__Given information__
══════════

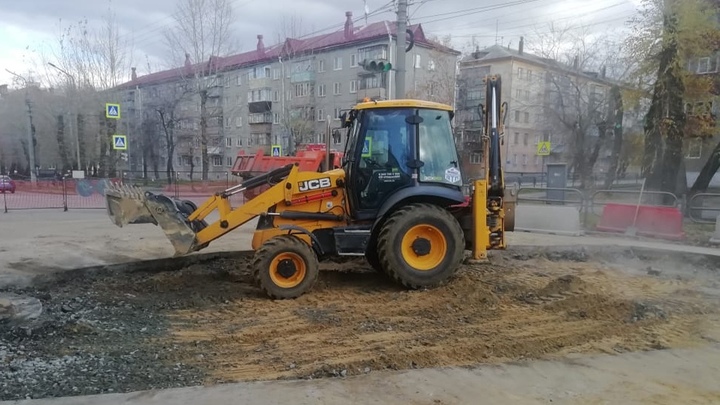 В Кургане за 2 недели отремонтировали канализацию на улице Коли Мяготина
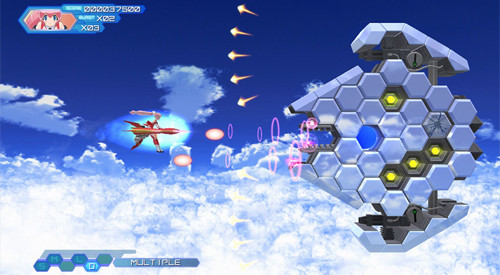 This is, sadly, the most creative use of the shoot-the-core idea in the game. Because it has HEXAGONS.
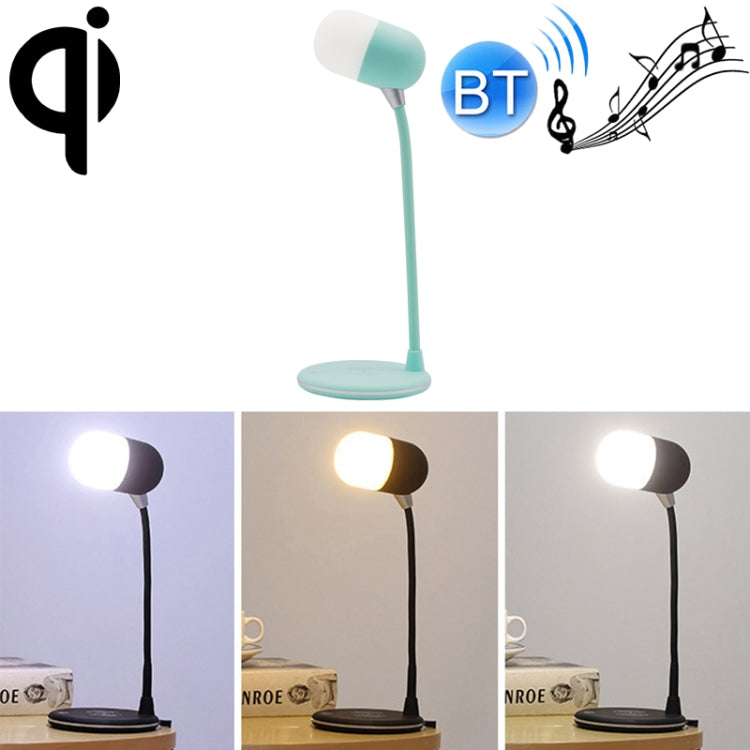 L4 Multifunctional Wireless Charging LED Desk Lamp Bluetooth 5.0 Speaker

══════════

__Problem__
Please output the material above again, exactly, and omit every image.

__Solution for this task__
 В Кургане за 2 недели отремонтировали канализацию на улице Коли Мяготина
 This is, sadly, the most creative use of the shoot-the-core idea in the game. Because it has HEXAGONS.
 L4 Multifunctional Wireless Charging LED Desk Lamp Bluetooth 5.0 Speaker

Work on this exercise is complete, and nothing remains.